Tuesday, December 06, 2005

Red Beans, Rice and Rotor Blades

Last night, like most Monday nights was Red Beans and Rice night at Tujagues Restaurant. A pint of Bass Ale for $5.00 accompanied by a brimming plate of creamy red beans, bright white rice, and a big baguette all for FREE. It's Monday in New Orleans, the traditional day of red beans cooking all day on stoves all over town while the wash was getting done. Red beans getting creamy, full of flavor and bursting with goodness. Monday Night Red Beans and Rice are probably the best example of New Orleans current need of comfort in any form available. It certainly works for me, but then, I have always had a thing for putting things in my mouth.

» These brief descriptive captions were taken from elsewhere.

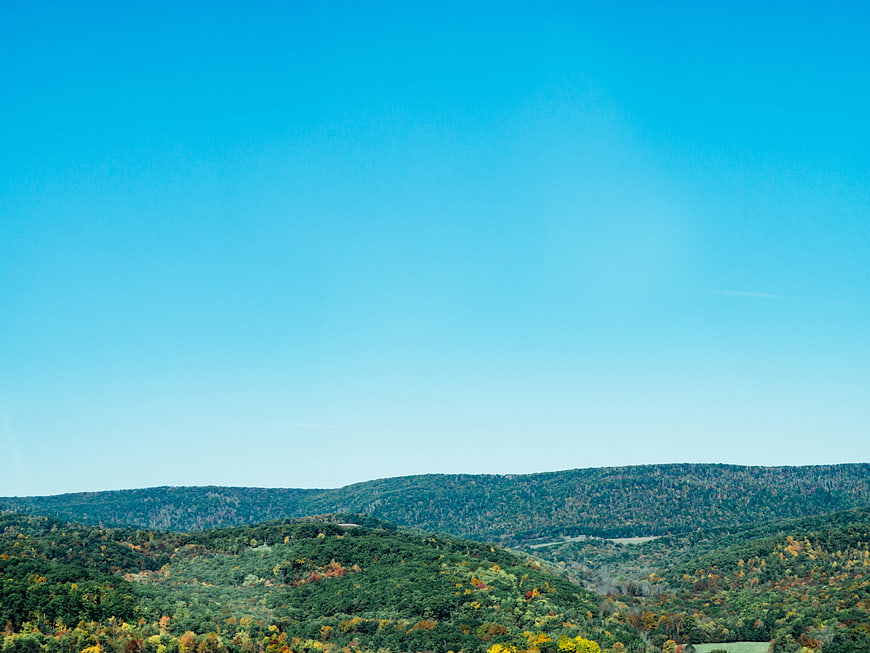 Rolling Hills Autumn Landscape Under Clear Blue Sky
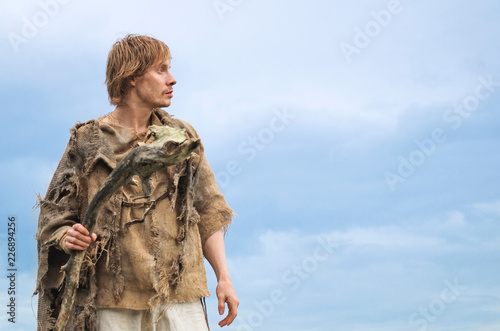 young shaman with a staff of an old stick on the background of a blue pre-storm sky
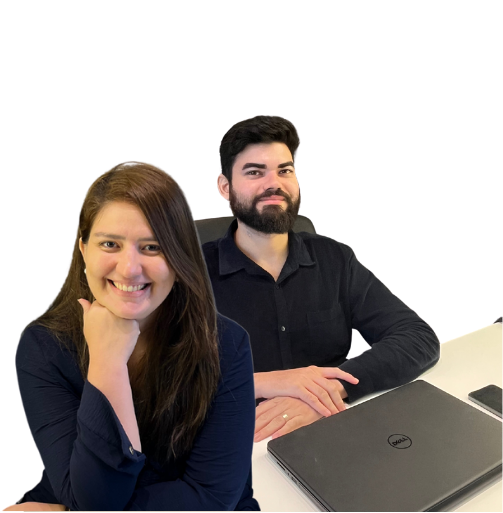 a man and woman sitting at a table with laptops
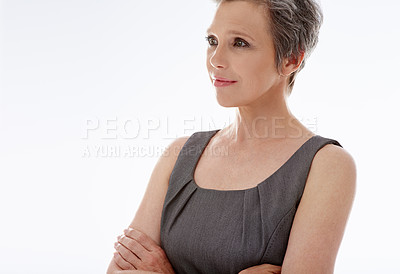 Buy stock photo A mature businesswoman looking away thoughtfully against a white background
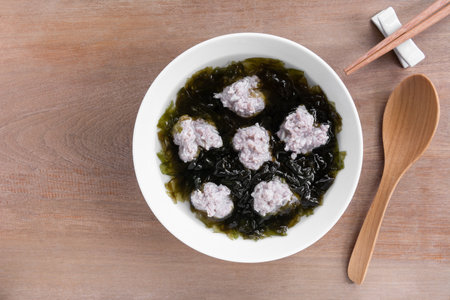 top view of pork ball and seaweed clear soup in a ceramic bowl on wooden table. asian homemade style food concept.の写真素材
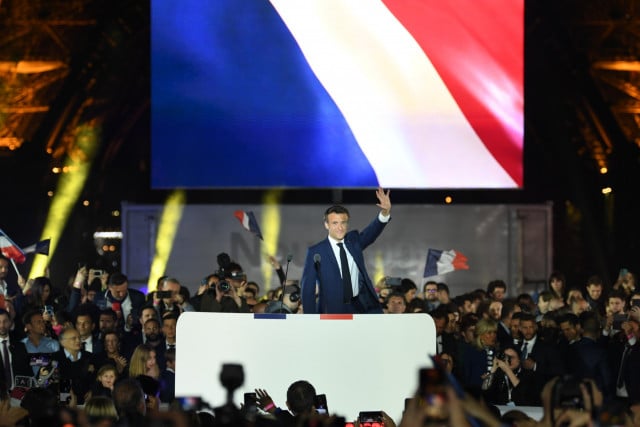 France's Macron wins new term after far-right battle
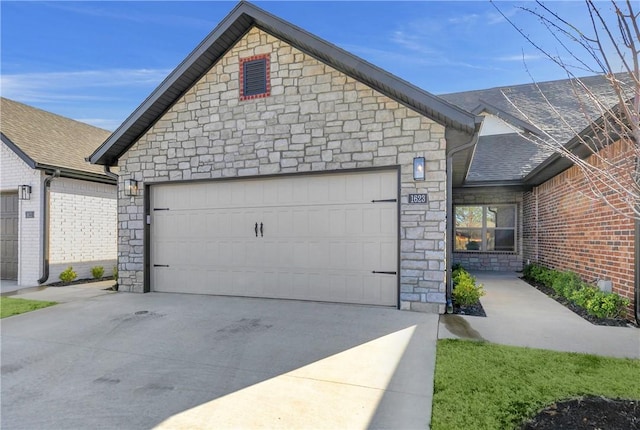 garage with concrete driveway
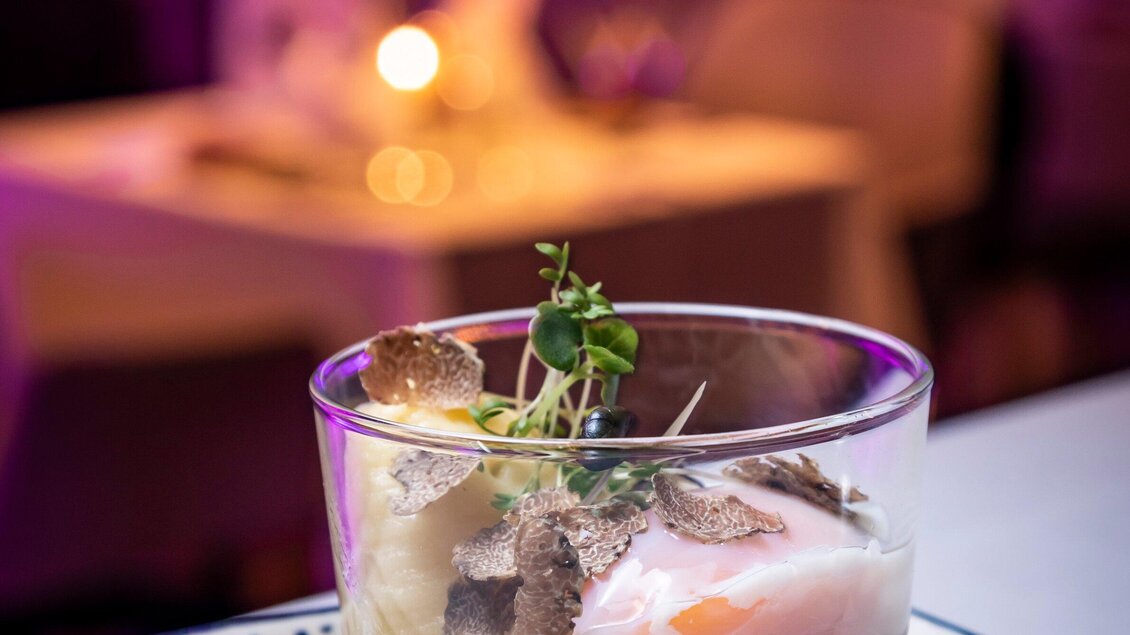Ein stilvolles Dessert in einem Glas mit verschiedenen Schichten und einer dekorativen Garnitur. Das Gericht wirkt elegant und ansprechend, ideal für feine Anlässe. | © Graz Tourismus - Werner Krug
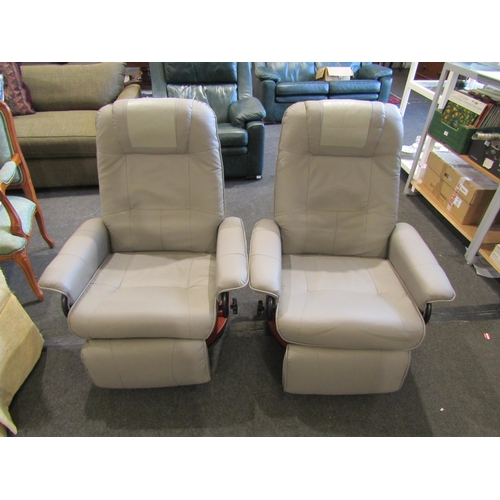 1109 - A pair of reclining swivel armchairs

On the other side of all that comfort are the still ever present military installations. Yesterday morning I had to meet someone near the Convention Center downtown (yeah, THAT convention center downtown) and what I discovered when I got there was a formerly empty lot filled with military Humvees in their new desert beige camouflage, as well as the old green color (much more appropriate for our swamplike environment). It was a daunting site. Hundreds of machines sitting like giant bugs, waiting to descend on the city like mosquitos in July. Several times a day the helicopters still fly overhead as if searching for mysterious phantoms, or left over people. It's a strange feeling. What this city needs is some kind of take on normalcy, a logistical and governmental version of Red Beans and Rice. What we have instead is a more or less benign, yet mostly pointless and ineffective occupying force (all the National Guard folks are smiling and friendly while they stand around shouldering their M-16s). Despite the fact that I know they mean well, this occupation pisses me off. I mean, for the most part, I LIKE these folks and they, more or less, look like me, and they still bug me everytime they drive by, fly over or show up out of nowhere. I can only imagine what it must be like to be in a place like Iraq, occupied by a similar force of much greater strength and hostility in a land where they truly don't belong.

Come to think of it… They don't belong HERE!